Clayton Kershaw won the 2011 Cy Young Award, and he did so because he had both the traditional stats and the advanced metrics, despite a razor-thin race with Roy Halladay and Cliff Lee. He didn’t win it in 2012, though he very arguably should have, because R.A. Dickey had both “wins” and a very compelling “old knuckleballer” narrative.
In 2013, Kershaw is again among the best pitchers in baseball, leading the game with a 1.91 ERA and currently standing at fourth with a 2.46 FIP, but his record is merely 10-8. It’s not too difficult to understand why:
— Buster Olney (@Buster_ESPN) August 7, 2013
That’s now seven games this year in which Kershaw has allowed two runs or fewer and not earned a win. He has no wins in any starts in which he has allowed three or more runs. Compare that to, say, Detroit’s Max Scherzer, who has five wins when allowing three or more runs.

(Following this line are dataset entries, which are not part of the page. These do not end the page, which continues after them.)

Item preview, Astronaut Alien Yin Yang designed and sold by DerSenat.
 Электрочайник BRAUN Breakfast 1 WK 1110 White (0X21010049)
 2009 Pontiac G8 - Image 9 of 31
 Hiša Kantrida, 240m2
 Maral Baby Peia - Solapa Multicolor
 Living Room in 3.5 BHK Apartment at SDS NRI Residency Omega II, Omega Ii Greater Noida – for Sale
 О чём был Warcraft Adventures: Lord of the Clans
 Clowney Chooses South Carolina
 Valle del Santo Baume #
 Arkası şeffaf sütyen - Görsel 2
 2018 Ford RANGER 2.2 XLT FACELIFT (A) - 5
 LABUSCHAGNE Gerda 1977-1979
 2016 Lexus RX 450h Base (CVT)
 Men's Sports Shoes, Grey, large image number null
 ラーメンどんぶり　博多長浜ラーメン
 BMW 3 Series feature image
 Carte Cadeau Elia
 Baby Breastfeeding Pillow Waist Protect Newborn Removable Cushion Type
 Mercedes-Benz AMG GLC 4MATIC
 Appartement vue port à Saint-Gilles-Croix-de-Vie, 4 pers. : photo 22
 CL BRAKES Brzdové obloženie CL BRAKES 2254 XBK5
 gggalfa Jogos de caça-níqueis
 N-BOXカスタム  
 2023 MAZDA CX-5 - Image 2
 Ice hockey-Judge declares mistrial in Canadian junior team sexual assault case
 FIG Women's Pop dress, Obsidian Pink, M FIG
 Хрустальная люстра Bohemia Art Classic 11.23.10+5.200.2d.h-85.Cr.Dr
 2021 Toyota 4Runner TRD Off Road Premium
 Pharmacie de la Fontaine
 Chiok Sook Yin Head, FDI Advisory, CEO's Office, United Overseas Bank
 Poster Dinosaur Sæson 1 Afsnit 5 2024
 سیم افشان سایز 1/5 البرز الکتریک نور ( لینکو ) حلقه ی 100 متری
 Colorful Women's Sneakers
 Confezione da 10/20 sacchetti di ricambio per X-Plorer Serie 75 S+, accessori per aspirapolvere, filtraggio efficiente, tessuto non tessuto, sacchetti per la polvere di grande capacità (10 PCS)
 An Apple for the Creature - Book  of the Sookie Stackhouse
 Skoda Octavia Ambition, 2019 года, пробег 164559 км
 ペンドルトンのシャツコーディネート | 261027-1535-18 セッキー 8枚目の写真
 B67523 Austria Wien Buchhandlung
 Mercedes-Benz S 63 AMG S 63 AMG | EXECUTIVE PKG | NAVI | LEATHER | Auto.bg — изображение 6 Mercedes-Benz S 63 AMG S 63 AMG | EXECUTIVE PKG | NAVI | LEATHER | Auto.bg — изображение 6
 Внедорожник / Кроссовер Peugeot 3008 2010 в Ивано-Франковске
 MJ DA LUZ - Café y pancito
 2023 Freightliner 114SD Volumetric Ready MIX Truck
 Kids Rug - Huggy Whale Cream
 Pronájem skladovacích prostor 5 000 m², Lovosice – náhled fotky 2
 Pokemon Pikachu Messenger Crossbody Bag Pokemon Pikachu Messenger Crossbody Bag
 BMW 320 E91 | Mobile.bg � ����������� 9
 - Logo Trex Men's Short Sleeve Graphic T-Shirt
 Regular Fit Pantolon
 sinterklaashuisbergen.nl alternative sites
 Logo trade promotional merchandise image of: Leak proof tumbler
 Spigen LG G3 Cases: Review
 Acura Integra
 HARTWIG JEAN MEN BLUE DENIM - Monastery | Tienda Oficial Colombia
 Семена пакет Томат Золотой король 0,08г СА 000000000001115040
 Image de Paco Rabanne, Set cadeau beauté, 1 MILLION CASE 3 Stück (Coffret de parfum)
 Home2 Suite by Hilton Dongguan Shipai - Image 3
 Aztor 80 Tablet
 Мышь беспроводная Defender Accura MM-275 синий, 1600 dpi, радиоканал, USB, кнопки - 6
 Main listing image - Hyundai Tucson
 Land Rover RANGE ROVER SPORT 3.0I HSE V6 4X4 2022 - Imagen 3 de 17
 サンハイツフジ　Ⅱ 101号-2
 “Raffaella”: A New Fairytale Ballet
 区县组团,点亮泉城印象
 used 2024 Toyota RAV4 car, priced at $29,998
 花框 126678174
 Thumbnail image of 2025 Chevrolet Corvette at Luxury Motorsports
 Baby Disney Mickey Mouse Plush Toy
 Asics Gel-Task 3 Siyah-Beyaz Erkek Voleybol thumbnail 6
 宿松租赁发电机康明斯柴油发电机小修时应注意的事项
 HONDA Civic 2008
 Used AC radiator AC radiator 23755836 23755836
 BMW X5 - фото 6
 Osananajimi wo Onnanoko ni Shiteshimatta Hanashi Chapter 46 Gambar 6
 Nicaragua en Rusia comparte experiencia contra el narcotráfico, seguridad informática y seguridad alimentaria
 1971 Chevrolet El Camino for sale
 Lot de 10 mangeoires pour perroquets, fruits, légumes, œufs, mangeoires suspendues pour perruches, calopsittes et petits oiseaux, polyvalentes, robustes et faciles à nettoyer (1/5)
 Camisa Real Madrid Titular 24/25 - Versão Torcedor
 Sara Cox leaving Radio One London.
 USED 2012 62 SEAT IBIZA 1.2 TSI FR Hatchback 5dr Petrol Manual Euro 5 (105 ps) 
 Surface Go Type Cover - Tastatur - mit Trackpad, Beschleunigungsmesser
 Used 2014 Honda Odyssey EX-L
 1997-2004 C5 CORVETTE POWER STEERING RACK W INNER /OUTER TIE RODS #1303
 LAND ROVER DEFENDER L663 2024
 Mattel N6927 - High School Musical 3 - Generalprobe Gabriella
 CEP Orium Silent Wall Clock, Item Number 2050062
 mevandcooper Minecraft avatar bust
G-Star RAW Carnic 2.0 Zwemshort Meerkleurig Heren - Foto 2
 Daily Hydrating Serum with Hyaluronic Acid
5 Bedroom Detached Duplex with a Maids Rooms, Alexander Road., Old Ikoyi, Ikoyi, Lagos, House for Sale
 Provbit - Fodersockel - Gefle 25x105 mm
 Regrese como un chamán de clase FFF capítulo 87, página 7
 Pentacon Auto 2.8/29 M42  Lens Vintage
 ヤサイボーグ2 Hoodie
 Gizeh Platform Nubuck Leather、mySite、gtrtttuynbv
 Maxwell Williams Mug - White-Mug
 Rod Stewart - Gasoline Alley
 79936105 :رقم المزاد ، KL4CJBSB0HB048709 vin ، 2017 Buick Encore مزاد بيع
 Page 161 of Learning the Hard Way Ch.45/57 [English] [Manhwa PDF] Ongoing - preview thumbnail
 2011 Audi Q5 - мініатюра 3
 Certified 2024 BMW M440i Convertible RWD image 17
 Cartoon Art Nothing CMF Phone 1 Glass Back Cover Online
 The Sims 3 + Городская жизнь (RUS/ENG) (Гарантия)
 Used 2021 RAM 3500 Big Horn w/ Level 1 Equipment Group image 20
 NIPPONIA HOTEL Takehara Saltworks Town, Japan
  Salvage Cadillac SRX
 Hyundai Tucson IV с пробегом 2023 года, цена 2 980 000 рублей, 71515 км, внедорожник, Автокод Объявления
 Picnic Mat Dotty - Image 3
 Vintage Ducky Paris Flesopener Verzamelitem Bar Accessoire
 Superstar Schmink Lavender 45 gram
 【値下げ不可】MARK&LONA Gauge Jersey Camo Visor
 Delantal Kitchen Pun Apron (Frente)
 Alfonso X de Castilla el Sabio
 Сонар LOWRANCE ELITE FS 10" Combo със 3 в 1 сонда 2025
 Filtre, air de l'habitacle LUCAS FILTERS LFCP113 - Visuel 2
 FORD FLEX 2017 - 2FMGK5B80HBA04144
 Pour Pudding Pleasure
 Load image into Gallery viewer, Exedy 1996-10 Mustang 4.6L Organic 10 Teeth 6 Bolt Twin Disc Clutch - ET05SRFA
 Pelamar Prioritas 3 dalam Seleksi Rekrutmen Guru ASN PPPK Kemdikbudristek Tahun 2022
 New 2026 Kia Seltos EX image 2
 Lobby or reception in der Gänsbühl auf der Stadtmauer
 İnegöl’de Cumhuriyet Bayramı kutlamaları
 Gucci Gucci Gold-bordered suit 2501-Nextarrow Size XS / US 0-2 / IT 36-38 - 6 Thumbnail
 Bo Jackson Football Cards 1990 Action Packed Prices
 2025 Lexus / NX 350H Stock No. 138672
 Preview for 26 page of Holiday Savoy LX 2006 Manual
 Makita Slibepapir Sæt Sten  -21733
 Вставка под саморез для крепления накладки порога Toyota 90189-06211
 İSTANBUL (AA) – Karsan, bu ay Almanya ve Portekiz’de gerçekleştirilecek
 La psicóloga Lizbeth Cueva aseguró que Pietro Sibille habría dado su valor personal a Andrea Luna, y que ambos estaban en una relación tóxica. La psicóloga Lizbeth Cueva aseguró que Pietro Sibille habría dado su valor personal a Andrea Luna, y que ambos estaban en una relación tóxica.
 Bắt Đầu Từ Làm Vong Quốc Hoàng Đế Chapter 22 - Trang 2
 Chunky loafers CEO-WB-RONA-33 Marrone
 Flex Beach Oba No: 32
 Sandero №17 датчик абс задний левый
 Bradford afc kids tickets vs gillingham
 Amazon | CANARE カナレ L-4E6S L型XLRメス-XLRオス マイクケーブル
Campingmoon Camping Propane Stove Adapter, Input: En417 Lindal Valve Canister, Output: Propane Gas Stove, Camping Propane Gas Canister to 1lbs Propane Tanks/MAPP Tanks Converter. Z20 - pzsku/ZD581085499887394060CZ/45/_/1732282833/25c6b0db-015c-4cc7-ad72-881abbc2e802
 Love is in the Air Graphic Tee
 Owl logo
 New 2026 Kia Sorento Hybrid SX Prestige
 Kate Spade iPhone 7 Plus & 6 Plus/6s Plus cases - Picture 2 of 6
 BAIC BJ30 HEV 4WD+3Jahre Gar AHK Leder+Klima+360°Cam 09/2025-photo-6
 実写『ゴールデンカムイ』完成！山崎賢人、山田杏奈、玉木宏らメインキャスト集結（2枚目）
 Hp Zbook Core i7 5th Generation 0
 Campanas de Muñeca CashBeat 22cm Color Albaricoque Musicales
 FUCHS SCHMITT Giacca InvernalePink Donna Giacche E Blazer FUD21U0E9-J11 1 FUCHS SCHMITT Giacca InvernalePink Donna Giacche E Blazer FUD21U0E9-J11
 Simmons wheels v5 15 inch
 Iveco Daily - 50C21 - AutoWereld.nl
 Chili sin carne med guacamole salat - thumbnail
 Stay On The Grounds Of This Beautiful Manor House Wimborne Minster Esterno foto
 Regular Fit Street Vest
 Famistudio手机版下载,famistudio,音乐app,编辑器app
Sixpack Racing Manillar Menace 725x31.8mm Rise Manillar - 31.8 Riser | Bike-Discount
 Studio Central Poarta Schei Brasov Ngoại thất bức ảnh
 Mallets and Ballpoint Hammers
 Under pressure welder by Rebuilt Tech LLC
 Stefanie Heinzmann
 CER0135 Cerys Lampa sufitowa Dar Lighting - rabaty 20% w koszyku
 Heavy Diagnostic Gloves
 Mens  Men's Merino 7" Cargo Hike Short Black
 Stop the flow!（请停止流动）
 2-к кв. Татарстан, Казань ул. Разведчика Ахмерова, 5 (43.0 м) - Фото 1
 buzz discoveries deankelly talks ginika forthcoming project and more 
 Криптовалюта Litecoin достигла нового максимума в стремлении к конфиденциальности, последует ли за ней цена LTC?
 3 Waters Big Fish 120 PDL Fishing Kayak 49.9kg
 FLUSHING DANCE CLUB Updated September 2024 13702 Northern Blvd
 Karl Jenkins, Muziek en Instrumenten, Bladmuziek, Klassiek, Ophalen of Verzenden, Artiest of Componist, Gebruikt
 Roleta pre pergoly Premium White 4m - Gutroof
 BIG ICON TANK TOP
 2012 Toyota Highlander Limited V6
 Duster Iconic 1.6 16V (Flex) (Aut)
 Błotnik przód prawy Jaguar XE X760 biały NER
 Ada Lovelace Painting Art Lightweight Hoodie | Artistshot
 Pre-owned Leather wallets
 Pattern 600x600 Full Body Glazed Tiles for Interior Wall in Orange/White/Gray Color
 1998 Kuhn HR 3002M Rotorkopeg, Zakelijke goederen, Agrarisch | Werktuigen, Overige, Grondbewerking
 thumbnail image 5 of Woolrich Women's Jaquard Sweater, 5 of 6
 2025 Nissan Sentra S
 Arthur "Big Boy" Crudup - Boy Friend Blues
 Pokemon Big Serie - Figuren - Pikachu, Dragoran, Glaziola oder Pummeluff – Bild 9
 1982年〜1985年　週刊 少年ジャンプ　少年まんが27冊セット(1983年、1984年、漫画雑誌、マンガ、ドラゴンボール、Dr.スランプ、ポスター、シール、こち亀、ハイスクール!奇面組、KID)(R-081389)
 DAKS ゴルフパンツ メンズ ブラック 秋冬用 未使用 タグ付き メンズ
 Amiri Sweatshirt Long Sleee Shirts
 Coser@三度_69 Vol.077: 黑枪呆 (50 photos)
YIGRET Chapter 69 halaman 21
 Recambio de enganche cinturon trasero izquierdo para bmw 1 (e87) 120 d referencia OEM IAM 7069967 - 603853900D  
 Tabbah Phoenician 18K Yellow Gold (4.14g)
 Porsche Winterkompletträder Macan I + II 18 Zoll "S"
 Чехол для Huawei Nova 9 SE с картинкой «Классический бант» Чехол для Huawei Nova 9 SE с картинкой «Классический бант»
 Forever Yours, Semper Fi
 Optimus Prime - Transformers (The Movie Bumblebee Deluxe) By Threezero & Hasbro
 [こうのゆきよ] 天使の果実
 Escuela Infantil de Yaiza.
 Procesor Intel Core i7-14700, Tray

While I think most baseball fans have done a decent job of accepting the “wins are bogus” line of thinking over the last few years, and it’s even allowed Zack Greinke & Felix Hernandez to win Cy Youngs that they might not have received in years past, the fact remains that there’s still a sizable portion of the public (and voters) who still rely on that as some sort of indication of pitching success. For example, Rick Sutcliffe noted on the broadcast of Monday night’s game that he felt Adam Wainwright was in the lead for the award simply because he has 13 wins, which is of course ridiculous.
That’s not to demean Wainwright, who has been unbelievable this year (156/21 K/BB!), or Mets sensation Matt Harvey, who has a better K/9, BB/9, and FIP than Kershaw (albeit over 27 fewer innings). You could probably make a pretty good case for any of the trio right now — no, not you, Francisco Liriano — and obviously we’ll need to revisit this once the final two months of the season are in the books.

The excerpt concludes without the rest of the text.